Pictures must not be copied, but every entry must be reproduced exactly.

━━ Exercise inputs ━━

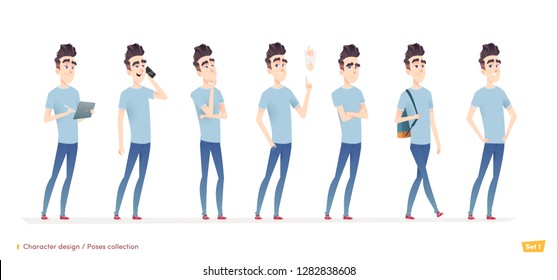 Young man character in different poses and situation. Modern flat cartoon style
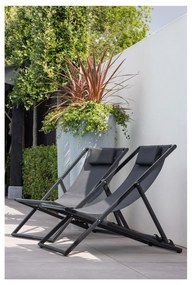 Черен метален сгъваем градински шезлонг Esper – Exotan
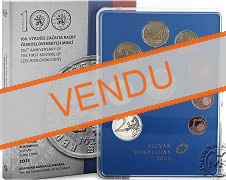 Coffret série monnaies euro Slovaquie 2021 Belle Epreuve - 1ère frappe de monnaies Tchécoslovaques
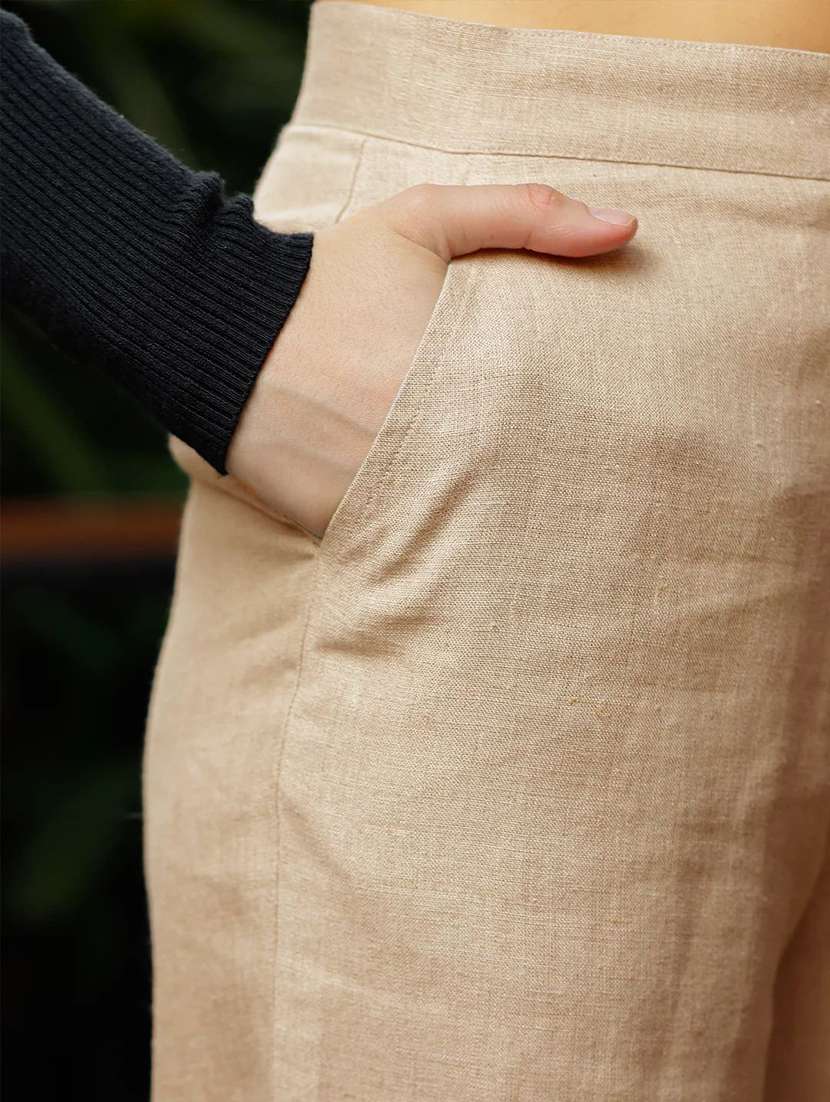 women solid high rise culottes - 22570438 -  Standard Image - 1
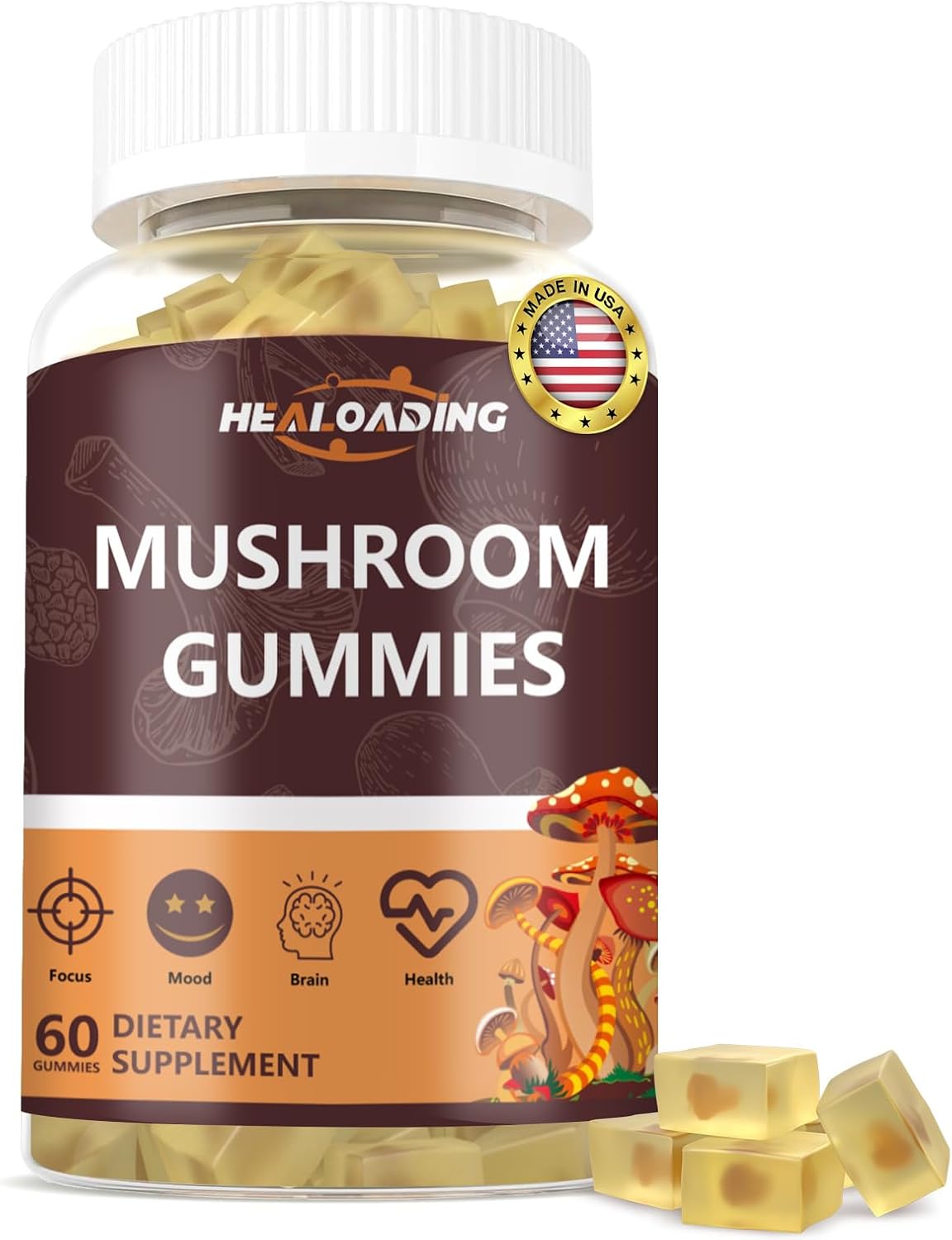 Mushroom Gummies Complex Supplement with Vitamin D3, B6, B9, B12 and Lion's Mane Cordyceps for Immune Support, Brain Health, Focus & Memory Boost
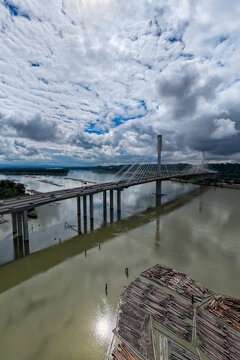 Cable-Stayed Bridge Over Fraser River With Log Booms Near Coquitlam, Vancouver, British Columbia, Canada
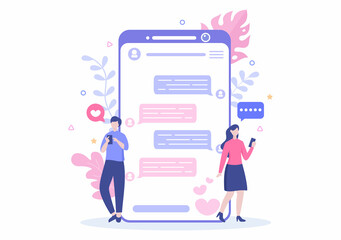 Dating App For a Couple With Male and Female in Smartphone If Match Become Love or Relationships. Background Flat Design Vector Illustration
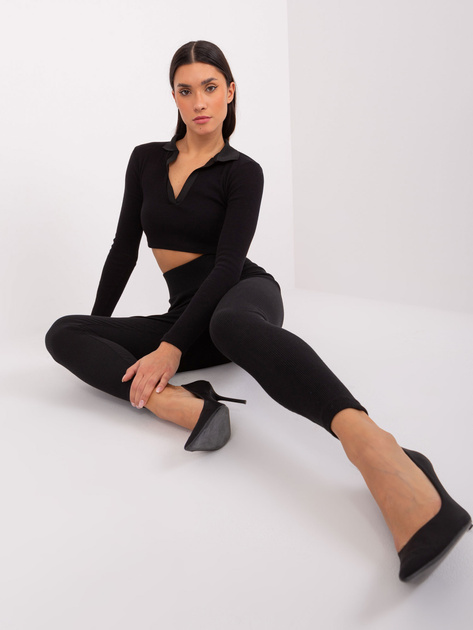 Hurt Czarne legginsy basic z wysokim stanem RUE PARIS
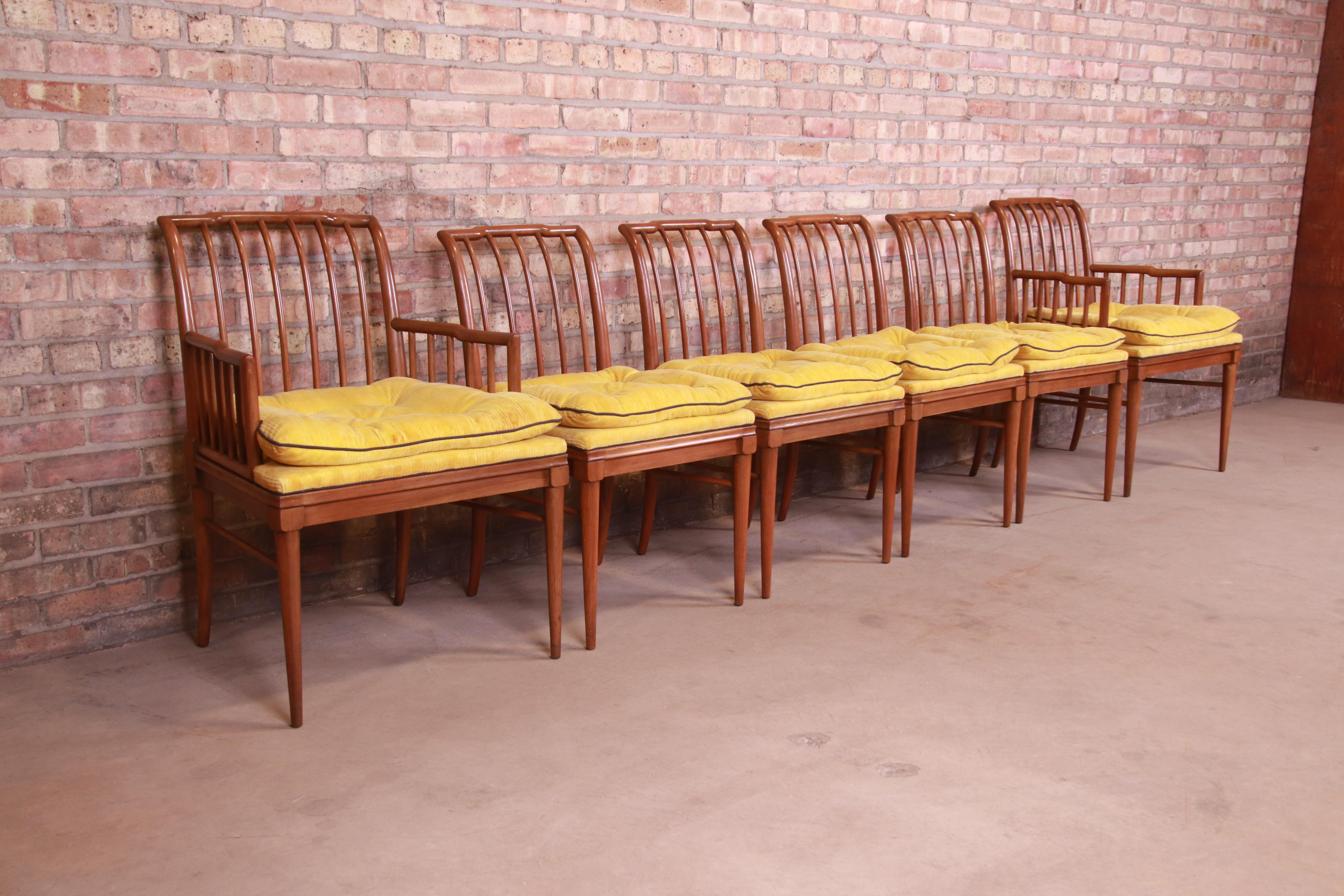 Upholstery John Widdicomb Mid-Century Modern Sculpted Walnut Dining Chairs, Set of Six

━━━

*Output below*.
 Young man character in different poses and situation. Modern flat cartoon style
 Черен метален сгъваем градински шезлонг Esper – Exotan
 Coffret série monnaies euro Slovaquie 2021 Belle Epreuve - 1ère frappe de monnaies Tchécoslovaques
 women solid high rise culottes - 22570438 -  Standard Image - 1
 Mushroom Gummies Complex Supplement with Vitamin D3, B6, B9, B12 and Lion's Mane Cordyceps for Immune Support, Brain Health, Focus & Memory Boost
 Cable-Stayed Bridge Over Fraser River With Log Booms Near Coquitlam, Vancouver, British Columbia, Canada
 Dating App For a Couple With Male and Female in Smartphone If Match Become Love or Relationships. Background Flat Design Vector Illustration
 Hurt Czarne legginsy basic z wysokim stanem RUE PARIS
 Upholstery John Widdicomb Mid-Century Modern Sculpted Walnut Dining Chairs, Set of Six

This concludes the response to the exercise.